Is The Door Opening Just A Little For Scalise To Become House Speaker?

A couple of things are going on which, in combination, might just result in Steve Scalise getting the gavel to become Speaker of the House after the 2023 elections. We’re not making any predictions, but we will do a little speculation here.

First, there are increasing signs that next year’s mid-term elections will result in the Democrats losing their current House majority. Seven House seats will be moving from blue states to red states based on the Census results, though it isn’t assured that will result in a +7 for Republicans. A couple of those states losing population, specifically New York and California, will almost assuredly be carving up a Republican district in order to preserve Democrat seats, though that’s careful work – put too many Republican voters in a Democrat district and you end up with a swing district you might lose.

Particularly in a wave election like 2022 might become.

The Democrats couldn’t get anybody into the runoff in Texas’ 6th District, which came open due to Ron Wright’s untimely death. The district, which picks up a sliver of the Dallas-Ft. Worth metroplex and then trails off to the south and southeast, went to President Trump in the 2020 election by only three percent. But Republican candidates won 61 percent of the vote in the jungle-primary special election Saturday, with Wright’s widow Susan and a Republican state representative named Jake Ellzey taking the top two spots.

Then there are the Democrat House members who are retiring or running for something else. From The American Spectator’s Dan Flynn, in his email newsletter yesterday…

That Doesn’t Play in Peoria

Congresswoman Cheri Bustos, a five-term representative from northwestern Illinois, announced her retirement from the House after her term expires at the end of this session. She won by a 52-48 split in 2020. Trump won the district in both presidential runs. Bustos, in retiring, chooses to end her time in Congress on her own terms. Multitrillion-dollar spending bills, massive tax increases, and a push for DC statehood, her announcement suggests, does not play in Peoria.

Maybe Issue an Eviction Notice Instead?

Rep. Ron Kind, who occupies a district due north of Bustos’s, faces similar headwinds albeit in a very different storm. As noted in this space last week, Fox News caught him profiting from renting space to a massage parlor that advertises on various “adult services” websites. He now plays dumb. Beyond this, he goes on the offensive. He calls the Fox News report “a baseless smear rooted in racism and insinuations.” He further blames his Republican opponent, saying: “Because of Derrick Van Orden and his allies pushing lies, local police are increasing patrols to ensure the safety of this Asian-owned small business. In light of what has happened across the country and especially in Atlanta last month, it is irresponsible, dangerous and despicable of Derrick Van Orden to slander this local business owner and put law enforcement in harm’s way.” The scandal bequeaths the 13-term Democrat a new nickname borrowed from one of the websites that features his tenant: Rub-Maps Ron. He won by less than three percent in 2020 in a district in which Donald Trump comfortably claimed victory in both runs. One imagines 2022 as quite unkind to Ron Kind.

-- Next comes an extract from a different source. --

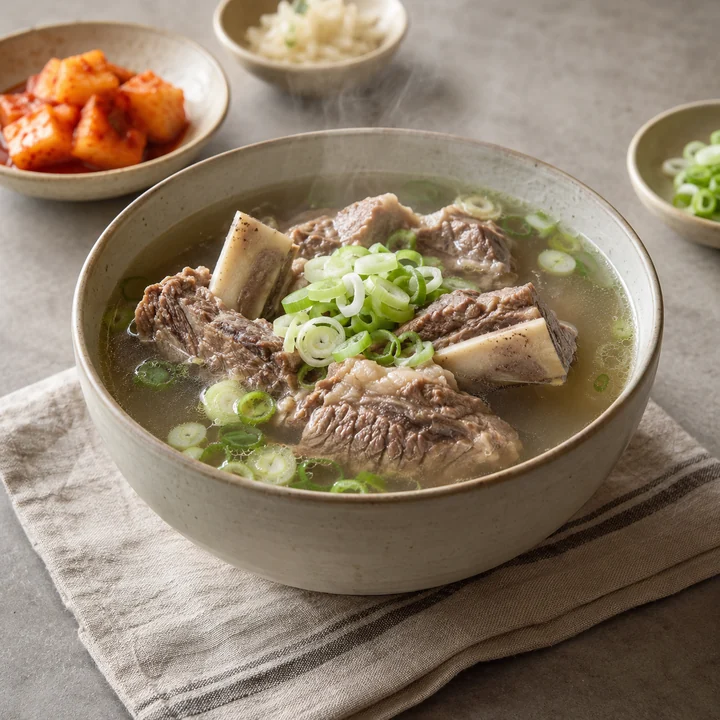 갈비탕 — 실사 한식 한 그릇 견본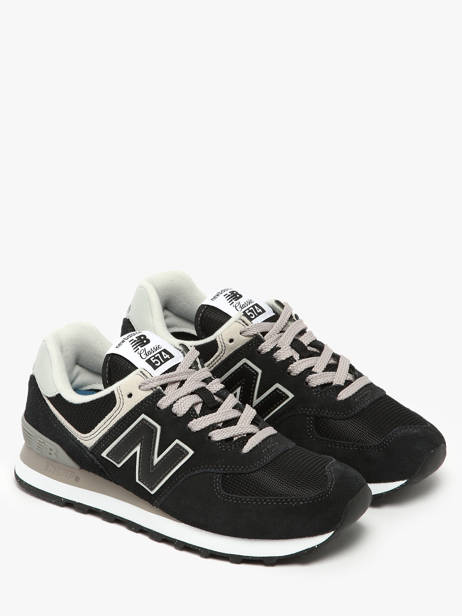 Sneakers In Leather New balance Black boy ML574EVB other view 1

Then there’s this in the Washington Examiner

House Democrats already faced several challenges in trying to hold the majority in 2022. Now, a rash of departures is complicating the problem further.

Rep. Charlie Crist of Florida on Tuesday is set to announce a run for governor, a job he held as a Republican and then independent from 2007 to 2011. And on Friday, Rep. Cheri Bustos, who headed House Democrats’ campaign arm in 2020, when the party unexpectedly lost seats, announced her retirement. In Ohio, Rep. Tim Ryan is running for Senate. In all three cases, the departing lawmakers faced the prospect of running for reelection in districts drawn unfavorably to them. Republicans control the redistricting process in Florida and Ohio. And Illinois is losing a House seat, so the shape of Bustos’s current district, won narrowly by former President Donald Trump in 2016 and 2020, is unknown.

House Democrats are already at a disadvantage for the 2022 midterm elections, near two years into President Joe Biden’s administration. Over the past century, the president’s party has only picked up seats three times. And with Republicans needing to net five seats in the 435-member House, Democrats have the narrowest majority for either party since the 1930s. With such a narrow margin, each departure has an outsize effect.

Though House Speaker Nancy Pelosi, a San Francisco Democrat, will get some breathing room when Rep.-elect Troy Carter of Louisiana takes office next week. An open seat in New Mexico will be filled on June 1 in a special election strongly favoring Democrats, widening the party’s narrow margin a bit further.

In Kansas, they’re openly talking about redrawing Sharice Davids, the only Democrat in their House delegation, out of her seat. And there are lots of other examples around the country of the GOP embracing some bare-knuckles politics in redistricting so as to manufacture seats.

Not to mention the NRCC, the National Republican Congressional Committee, the PAC tasked with winning House seats for the GOP, has upped its list from 47 winnable Democrat seats and is now targeting 57 seats for flips.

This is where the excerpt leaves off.